The U.S. Department of Energy has pledged up to $1.2 million in federal money to a wastewater demonstration project partly funded and overseen by a subsidiary of San Diego-based Sempra Energy.
The project involving Sempra subsidiary Southern California Gas Corp. will use water, heat and pressure to convert wastewater solids from a municipal treatment facility near Oakland into natural gas and liquid fuels.
“This new technology could have an enormous impact on energy and waste,” Jeff Reed, SoCalGas’ director of business strategy and advanced technology, said in a news release. He added that the hydrothermal process involved may have the potential to produce some 128 billion cubic feet of natural gas per year nationwide and save utilities $2.2 billion in waste disposal costs.
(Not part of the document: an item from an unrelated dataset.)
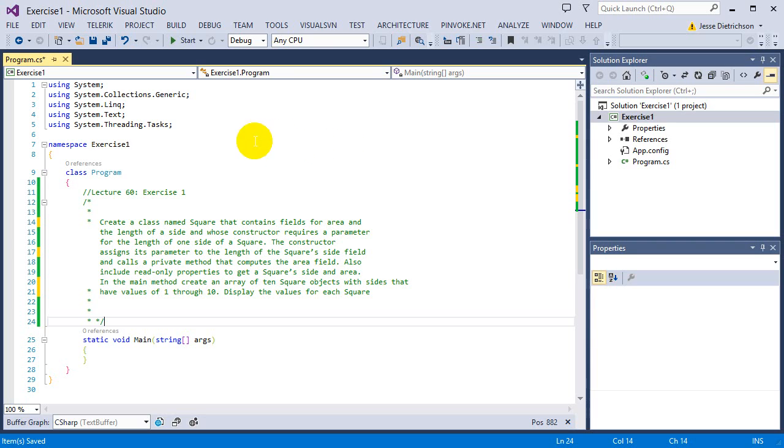So if you think you can do this challenge on your own, go ahead and try it now. If not, I'm going to solve it.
SoCalGas is expected to help oversee the project’s design and its regulatory approval process, as well as assist in securing incentives for the initiative.
A consortium running the project is being led by the Water Environment & Reuse Foundation. Others involved are Genifuel Corp., Merrick & Co., Metro Vancouver, MicroBio Engineering and Tesoro Corp., as well as more than a dozen utilities. The consortium is required to pay at least half the project’s cost.
SoCalGas operates in Los Angeles County. Parent company Sempra is a Fortune 500 energy services holding company.